After the Cold War, such interventions without Security Council authorization were conducted by multilateral coalitions. The US, France, and the UK conducted years of safe havens inside and No Fly Zones over Iraq initially to protect the Kurds and later to protect the Shiite population as well. Other states assisted by providing for bases and flight paths. The US, France, and the UK invoked Security Council Resolution 688 to support their actions—but any close observer knew that was a legal hoax. Indeed, the Resolution was purposefully not issued under Chapter VII of the UN Charter, because Russia and China promised to veto any such reference. In a leading book on the contemporary history of humanitarian intervention, Nicholas Wheeler explained (in a lesson that the White House today could have benefited from):

How, then are we to account for the fact that no Security Council member who voted for this resolution publicly challenged the West’s legal right to create the safe havens?… “Chinese and others … were willing to tolerate actions de facto that they would not authorize de jure.” (quoting Jane Stromseth)…

[N]one of these states wanted to be exposed publicly as opposing a rescue mission that was saving lives and they were shamed into silence. Acquiescence, then, rather than tacit legitimation captures the response of those governments to Western intervention.

In the early 1990s, the Economic Community of West African States invaded Liberia without prior Security Council authorization. And, the coalition later invaded Sierra Leone without getting approval beforehand. Most recently, NATO’s actions to oust Qaddafi arguably exceeded the authority granted to it by the Security Council.

3. The limbo world — of illegal but not unprecedented — may be optimal

The existing state of affairs—illegal but not unprecedented—may be the best outcome for international law and humanitarian values.

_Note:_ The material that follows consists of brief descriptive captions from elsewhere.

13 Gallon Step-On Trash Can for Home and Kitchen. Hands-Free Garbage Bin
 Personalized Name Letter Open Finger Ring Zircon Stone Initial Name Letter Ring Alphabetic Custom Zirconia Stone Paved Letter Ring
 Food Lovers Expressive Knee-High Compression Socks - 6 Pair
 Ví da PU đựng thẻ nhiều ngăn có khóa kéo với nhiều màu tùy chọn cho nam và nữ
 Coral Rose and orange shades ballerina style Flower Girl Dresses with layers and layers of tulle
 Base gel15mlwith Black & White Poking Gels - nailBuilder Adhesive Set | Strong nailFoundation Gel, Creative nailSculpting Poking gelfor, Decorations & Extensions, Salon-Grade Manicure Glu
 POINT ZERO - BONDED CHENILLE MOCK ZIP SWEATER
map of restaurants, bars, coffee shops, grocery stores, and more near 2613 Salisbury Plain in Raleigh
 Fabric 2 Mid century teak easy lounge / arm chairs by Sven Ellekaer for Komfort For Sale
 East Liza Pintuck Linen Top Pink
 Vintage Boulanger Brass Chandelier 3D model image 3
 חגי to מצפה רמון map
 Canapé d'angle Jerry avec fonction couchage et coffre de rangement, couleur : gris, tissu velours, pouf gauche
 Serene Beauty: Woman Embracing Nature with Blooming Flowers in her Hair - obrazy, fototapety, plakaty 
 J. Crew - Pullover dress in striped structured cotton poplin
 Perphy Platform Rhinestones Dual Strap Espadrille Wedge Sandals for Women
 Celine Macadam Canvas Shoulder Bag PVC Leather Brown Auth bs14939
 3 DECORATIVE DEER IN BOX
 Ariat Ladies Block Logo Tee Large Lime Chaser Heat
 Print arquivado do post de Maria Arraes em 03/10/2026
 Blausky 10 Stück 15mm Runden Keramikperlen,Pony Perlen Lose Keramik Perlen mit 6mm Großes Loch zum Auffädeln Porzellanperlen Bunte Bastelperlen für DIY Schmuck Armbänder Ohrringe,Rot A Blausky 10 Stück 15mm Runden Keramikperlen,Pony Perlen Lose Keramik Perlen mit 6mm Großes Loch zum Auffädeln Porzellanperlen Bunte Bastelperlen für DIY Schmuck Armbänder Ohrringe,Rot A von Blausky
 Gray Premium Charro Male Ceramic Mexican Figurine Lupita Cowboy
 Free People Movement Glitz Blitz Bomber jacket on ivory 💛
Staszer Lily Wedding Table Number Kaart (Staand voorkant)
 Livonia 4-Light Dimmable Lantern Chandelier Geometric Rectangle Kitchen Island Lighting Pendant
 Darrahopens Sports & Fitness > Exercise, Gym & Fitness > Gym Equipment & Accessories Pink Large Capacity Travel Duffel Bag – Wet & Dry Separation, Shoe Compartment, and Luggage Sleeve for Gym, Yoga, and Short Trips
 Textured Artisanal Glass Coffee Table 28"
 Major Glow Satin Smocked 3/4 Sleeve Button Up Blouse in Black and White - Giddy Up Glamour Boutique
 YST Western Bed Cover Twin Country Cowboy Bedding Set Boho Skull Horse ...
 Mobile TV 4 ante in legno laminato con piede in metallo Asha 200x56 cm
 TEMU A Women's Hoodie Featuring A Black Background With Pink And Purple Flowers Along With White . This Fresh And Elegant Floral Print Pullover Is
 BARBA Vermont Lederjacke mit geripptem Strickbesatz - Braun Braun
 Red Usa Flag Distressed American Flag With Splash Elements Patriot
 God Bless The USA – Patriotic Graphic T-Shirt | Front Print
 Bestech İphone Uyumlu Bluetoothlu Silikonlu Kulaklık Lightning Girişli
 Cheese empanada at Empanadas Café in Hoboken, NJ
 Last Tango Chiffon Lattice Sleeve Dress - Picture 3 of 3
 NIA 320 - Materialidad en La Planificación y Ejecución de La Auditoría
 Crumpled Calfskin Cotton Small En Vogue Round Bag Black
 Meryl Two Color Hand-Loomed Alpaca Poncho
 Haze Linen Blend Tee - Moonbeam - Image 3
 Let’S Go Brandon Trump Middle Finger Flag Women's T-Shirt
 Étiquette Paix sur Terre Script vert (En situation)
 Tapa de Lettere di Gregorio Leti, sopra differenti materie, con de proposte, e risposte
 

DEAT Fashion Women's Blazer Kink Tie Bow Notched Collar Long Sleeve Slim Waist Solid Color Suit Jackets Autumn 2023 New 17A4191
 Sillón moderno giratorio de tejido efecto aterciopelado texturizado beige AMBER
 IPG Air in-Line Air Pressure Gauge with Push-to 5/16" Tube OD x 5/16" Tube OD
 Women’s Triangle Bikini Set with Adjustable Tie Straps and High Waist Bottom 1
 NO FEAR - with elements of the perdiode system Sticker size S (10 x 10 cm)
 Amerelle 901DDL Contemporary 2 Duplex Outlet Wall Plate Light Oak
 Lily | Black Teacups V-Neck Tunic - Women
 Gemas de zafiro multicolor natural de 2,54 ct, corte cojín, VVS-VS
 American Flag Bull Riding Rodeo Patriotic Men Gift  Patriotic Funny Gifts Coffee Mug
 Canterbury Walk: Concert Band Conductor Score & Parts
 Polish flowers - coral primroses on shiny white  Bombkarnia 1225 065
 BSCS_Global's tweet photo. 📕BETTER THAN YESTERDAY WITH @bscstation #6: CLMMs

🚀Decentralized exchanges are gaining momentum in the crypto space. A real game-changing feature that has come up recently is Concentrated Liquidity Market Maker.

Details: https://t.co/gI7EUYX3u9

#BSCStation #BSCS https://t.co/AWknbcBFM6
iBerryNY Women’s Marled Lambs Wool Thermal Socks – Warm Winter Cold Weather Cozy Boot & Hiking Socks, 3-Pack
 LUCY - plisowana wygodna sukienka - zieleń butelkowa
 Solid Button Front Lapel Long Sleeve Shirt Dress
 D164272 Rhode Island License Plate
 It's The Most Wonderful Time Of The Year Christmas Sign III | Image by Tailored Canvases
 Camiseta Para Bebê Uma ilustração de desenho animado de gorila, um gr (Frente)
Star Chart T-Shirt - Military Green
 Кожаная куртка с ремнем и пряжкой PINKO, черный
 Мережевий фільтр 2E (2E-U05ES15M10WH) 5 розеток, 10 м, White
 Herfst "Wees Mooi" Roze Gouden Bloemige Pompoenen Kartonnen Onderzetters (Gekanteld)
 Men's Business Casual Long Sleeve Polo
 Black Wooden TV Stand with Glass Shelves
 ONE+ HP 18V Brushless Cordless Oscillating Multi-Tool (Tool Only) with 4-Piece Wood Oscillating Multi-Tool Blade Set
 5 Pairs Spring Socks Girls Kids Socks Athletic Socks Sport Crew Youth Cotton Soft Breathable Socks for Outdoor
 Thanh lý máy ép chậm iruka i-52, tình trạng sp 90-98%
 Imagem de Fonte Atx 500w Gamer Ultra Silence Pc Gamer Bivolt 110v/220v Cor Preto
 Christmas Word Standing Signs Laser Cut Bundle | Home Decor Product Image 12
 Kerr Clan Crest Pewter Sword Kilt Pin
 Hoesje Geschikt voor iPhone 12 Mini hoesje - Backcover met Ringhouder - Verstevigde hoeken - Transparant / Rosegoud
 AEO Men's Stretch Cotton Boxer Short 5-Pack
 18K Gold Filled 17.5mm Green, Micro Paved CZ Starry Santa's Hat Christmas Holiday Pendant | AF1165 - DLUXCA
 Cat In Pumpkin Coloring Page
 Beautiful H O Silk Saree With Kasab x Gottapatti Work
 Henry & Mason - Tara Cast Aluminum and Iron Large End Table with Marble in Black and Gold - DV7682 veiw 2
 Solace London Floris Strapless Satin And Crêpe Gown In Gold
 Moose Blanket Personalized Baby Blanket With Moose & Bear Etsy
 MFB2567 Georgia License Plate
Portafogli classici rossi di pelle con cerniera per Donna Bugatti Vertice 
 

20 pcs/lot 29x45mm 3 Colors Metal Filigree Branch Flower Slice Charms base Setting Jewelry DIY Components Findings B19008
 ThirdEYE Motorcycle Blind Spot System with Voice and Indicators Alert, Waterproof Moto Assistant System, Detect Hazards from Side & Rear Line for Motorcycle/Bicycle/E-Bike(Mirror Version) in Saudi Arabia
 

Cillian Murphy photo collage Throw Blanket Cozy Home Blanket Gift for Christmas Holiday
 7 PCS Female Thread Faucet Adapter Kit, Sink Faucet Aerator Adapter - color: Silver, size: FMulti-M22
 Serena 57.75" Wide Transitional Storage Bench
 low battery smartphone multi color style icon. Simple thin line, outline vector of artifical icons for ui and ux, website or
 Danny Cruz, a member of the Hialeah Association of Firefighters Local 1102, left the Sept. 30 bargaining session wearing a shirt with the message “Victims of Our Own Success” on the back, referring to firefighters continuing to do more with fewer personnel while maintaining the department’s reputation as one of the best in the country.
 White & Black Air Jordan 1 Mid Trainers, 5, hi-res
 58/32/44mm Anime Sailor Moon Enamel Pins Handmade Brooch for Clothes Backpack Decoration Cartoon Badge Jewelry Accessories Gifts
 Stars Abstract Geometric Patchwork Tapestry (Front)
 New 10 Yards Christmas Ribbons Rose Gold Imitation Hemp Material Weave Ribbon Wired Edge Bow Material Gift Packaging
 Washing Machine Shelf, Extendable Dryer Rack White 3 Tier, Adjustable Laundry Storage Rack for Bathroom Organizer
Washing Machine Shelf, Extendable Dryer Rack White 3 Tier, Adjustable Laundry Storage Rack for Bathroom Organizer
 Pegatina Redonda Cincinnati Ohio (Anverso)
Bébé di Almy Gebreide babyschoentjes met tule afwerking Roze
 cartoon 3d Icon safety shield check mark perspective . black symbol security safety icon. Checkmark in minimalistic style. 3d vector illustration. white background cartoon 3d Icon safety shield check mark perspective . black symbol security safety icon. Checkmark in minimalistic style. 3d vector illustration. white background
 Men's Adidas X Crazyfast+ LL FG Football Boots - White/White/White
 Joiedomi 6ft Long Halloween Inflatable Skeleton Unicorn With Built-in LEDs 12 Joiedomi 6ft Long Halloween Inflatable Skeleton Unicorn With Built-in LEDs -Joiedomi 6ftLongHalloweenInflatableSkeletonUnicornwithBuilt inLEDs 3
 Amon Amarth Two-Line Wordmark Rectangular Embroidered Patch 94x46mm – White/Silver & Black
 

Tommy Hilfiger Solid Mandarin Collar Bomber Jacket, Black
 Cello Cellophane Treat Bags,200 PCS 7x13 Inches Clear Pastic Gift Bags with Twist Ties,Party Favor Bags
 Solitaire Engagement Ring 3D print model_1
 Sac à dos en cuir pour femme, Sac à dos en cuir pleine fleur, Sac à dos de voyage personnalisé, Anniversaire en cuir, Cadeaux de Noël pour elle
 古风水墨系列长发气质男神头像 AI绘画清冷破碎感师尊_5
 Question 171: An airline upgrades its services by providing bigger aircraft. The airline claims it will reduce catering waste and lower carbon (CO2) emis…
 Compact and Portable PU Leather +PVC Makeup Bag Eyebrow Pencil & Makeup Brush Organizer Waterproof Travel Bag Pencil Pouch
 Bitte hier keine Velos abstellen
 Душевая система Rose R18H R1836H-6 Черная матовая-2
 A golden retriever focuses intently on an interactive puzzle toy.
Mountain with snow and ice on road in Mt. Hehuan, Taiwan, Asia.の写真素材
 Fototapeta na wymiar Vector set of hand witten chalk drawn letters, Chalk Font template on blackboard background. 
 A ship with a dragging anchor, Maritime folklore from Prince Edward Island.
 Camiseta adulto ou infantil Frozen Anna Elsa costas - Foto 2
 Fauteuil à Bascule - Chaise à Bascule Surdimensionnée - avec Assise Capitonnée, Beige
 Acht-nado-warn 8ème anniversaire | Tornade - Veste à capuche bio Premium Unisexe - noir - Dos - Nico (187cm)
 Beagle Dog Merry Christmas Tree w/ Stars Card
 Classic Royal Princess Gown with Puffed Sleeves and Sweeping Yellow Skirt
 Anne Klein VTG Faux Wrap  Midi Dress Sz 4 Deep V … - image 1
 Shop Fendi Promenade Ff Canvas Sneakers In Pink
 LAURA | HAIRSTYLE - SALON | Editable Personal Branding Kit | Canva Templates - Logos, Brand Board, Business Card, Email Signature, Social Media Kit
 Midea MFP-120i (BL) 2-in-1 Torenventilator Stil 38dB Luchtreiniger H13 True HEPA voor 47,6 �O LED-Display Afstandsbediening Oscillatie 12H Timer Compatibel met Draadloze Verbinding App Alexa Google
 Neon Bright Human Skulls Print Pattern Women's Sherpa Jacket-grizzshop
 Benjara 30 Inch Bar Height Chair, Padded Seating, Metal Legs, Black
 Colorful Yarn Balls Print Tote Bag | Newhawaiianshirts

Koh argues for a legal system that expressly permits the use of force without Security Council approval to stop an atrocity—a system he explains is like “the criminal law [which] has crafted rules that exempt ambulance drivers who run red lights in extremis.” For the international order, however, a better rule may be one that formally prohibits anyone running the red light but leaves ambiguity about exceptions for rescuers. In that system, actors have to engage in greater efforts to justify and prove the genuine nature of their behavior. And, it is actually good to give powerful states reason to pause before launching a war. At the least, this line of analysis should be a part of the debate, and for an original expression and elaboration of this idea, I recommend an essay by Jane Stromseth in which she explains:

This essay argues that the legal status of humanitarian intervention without Security Council authorization remains uncertain after Kosovo and that this, in fact, is a good thing. The uncertain legality of humanitarian intervention puts a very high burden of justification on those who would intervene without UN authorization. Yet this very ambiguity is also fertile ground for the gradual emergence of normative consensus, over time, based on practice and case-by-case decision-making. … The most promising path for the future does not involve a formal doctrinal framework that attempts in advance to reconcile human rights principles and the Charter’s non-intervention norms. Instead, it lies in identifying patterns and common elements in recent practice as guidance for the future ….

Ultimately the Stromseth approach may be consistent with David Kaye’s argument (see his final para.) that political leaders should be told that the UN Charter forbids unilateral humanitarian intervention and thus act when they are willing to pay the price of illegality. That said, Stromseth’s approach does not work unless Koh’s analysis of the direction of the legal norms is mostly correct.